═════ Dataset records ═════

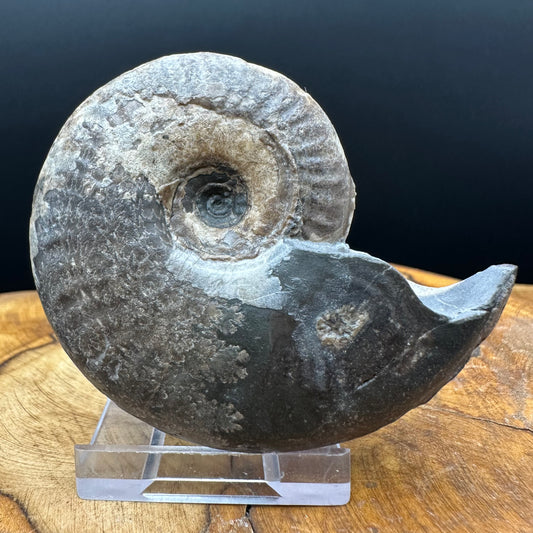 Eleganticeras Elegantulum ammonite fossil with box and stand - Whitby, North Yorkshire Jurassic Coast, Yorkshire Fossils
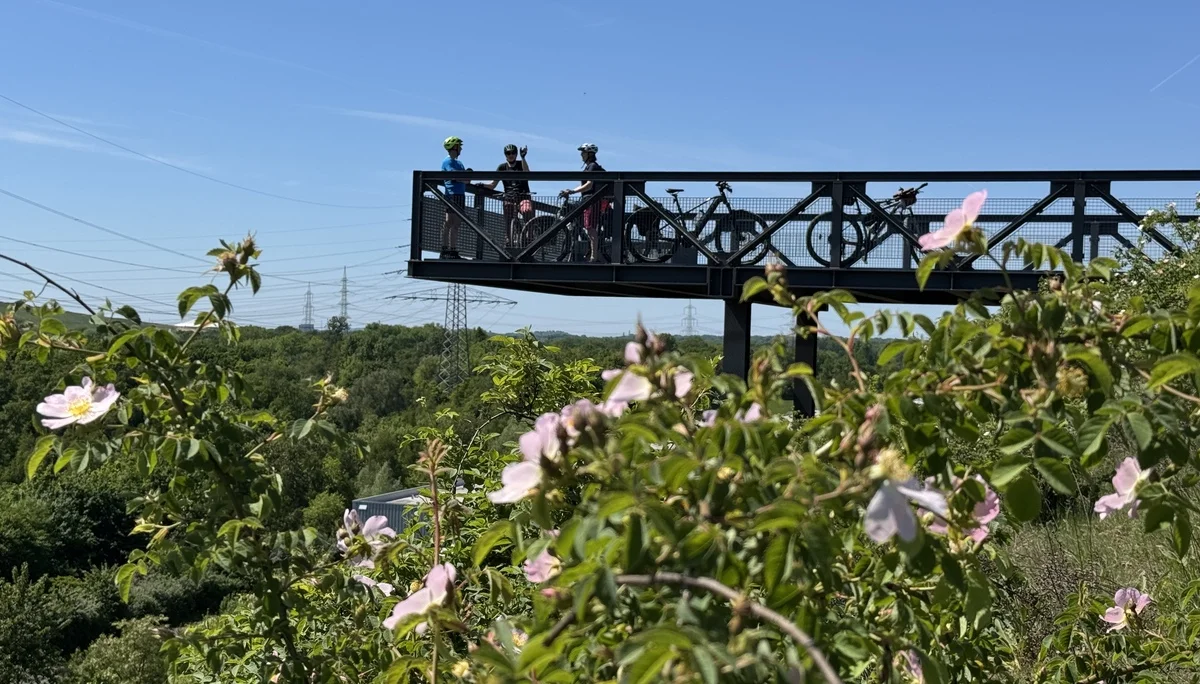 Gruppe mit Fahrrädern steht auf einer Plattform über einer blühenden Wildrosenhecke. | © DAV Dortmund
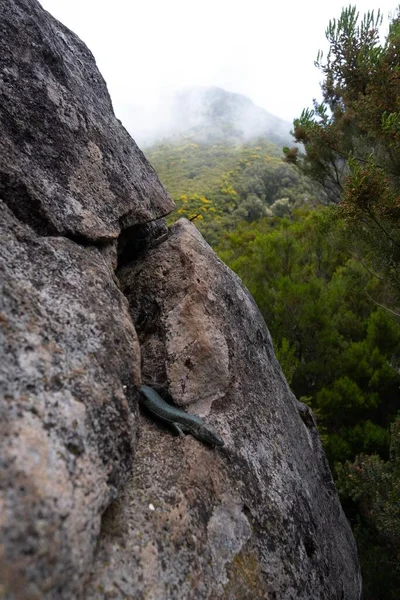 背景に霧深い山の岩を這うトカゲ — ストック写真
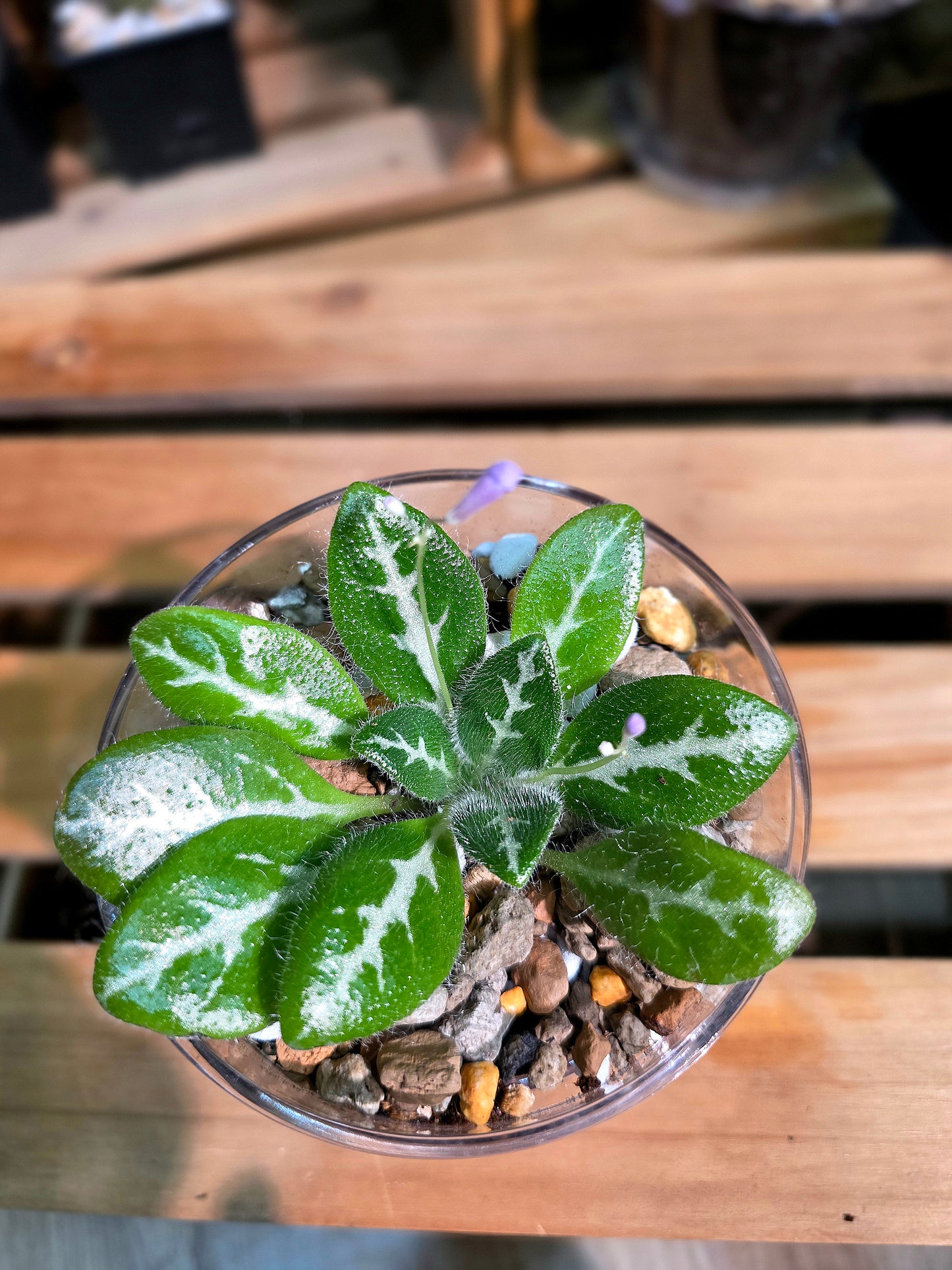 Primulina sinovietnamica 中越報春苦苣苔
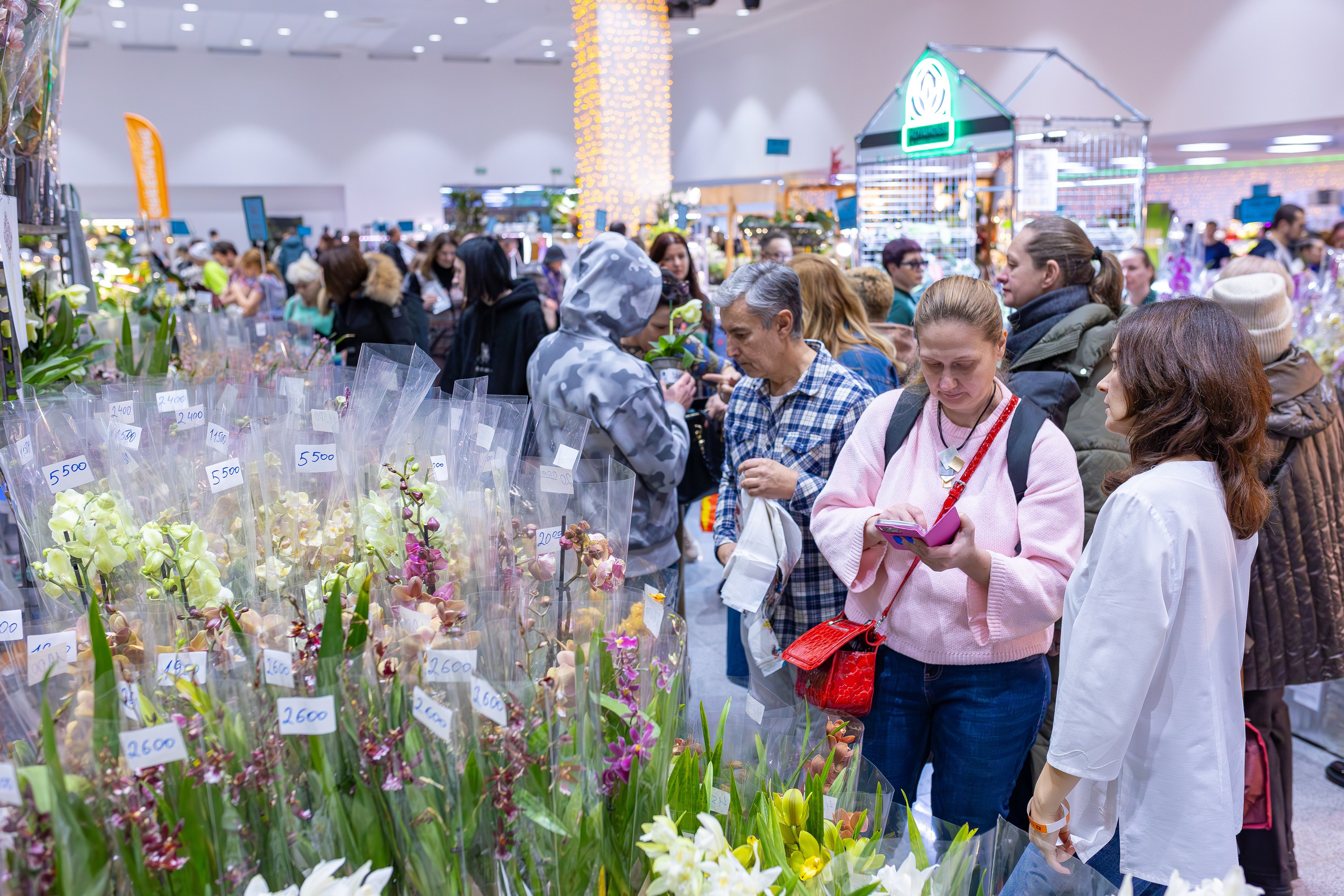 Орхидиум 12.2025. Александра Куликова фотограф, Москва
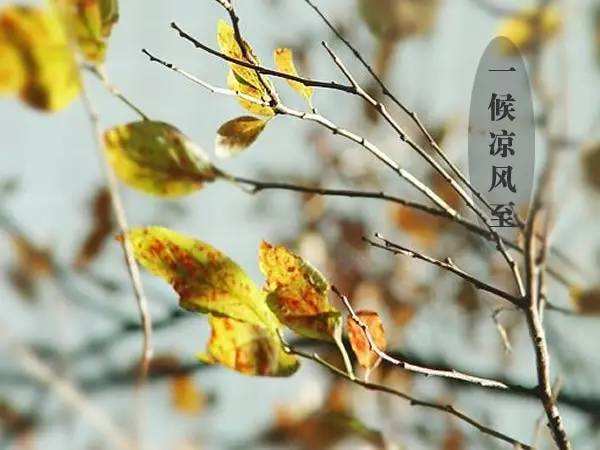 PG国际-创造和传播文娱领域的美好体验游戏平台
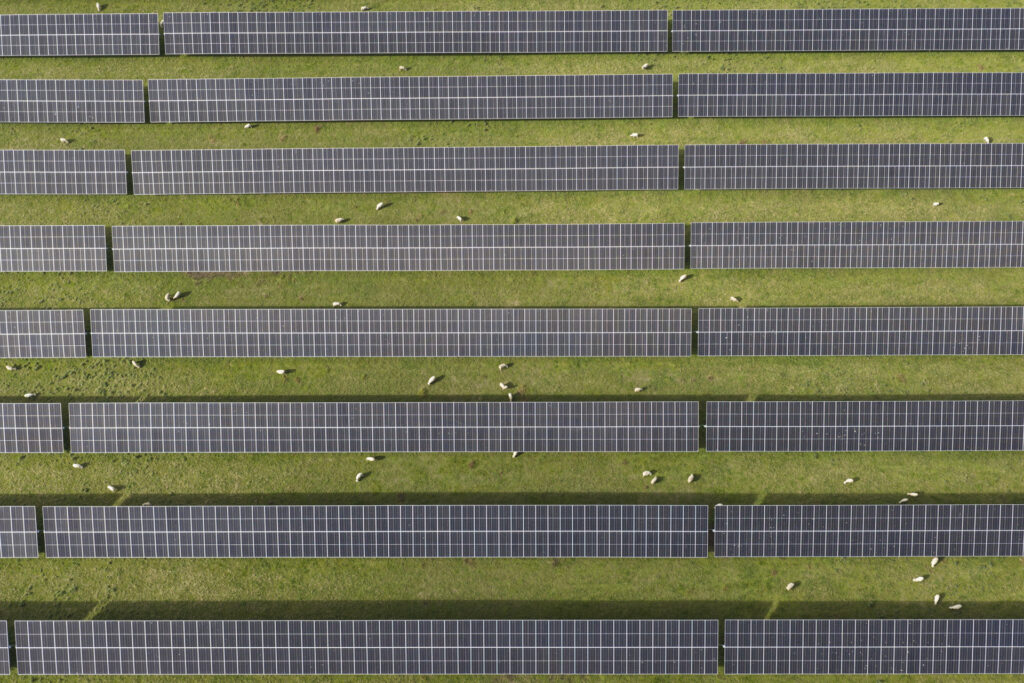 Sheep grazing around Lodestone Energy's Edgecumbe solar farm arrays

═════

### Brief
Begin at the first line of the entries and stop after the line holding "Орхидиум 12.2025. Александра"; repeat those lines exactly, but not the pictures.

### Solution
 Eleganticeras Elegantulum ammonite fossil with box and stand - Whitby, North Yorkshire Jurassic Coast, Yorkshire Fossils
 Gruppe mit Fahrrädern steht auf einer Plattform über einer blühenden Wildrosenhecke. | © DAV Dortmund
 背景に霧深い山の岩を這うトカゲ — ストック写真
 Primulina sinovietnamica 中越報春苦苣苔
 Орхидиум 12.2025. Александра Куликова фотограф, Москва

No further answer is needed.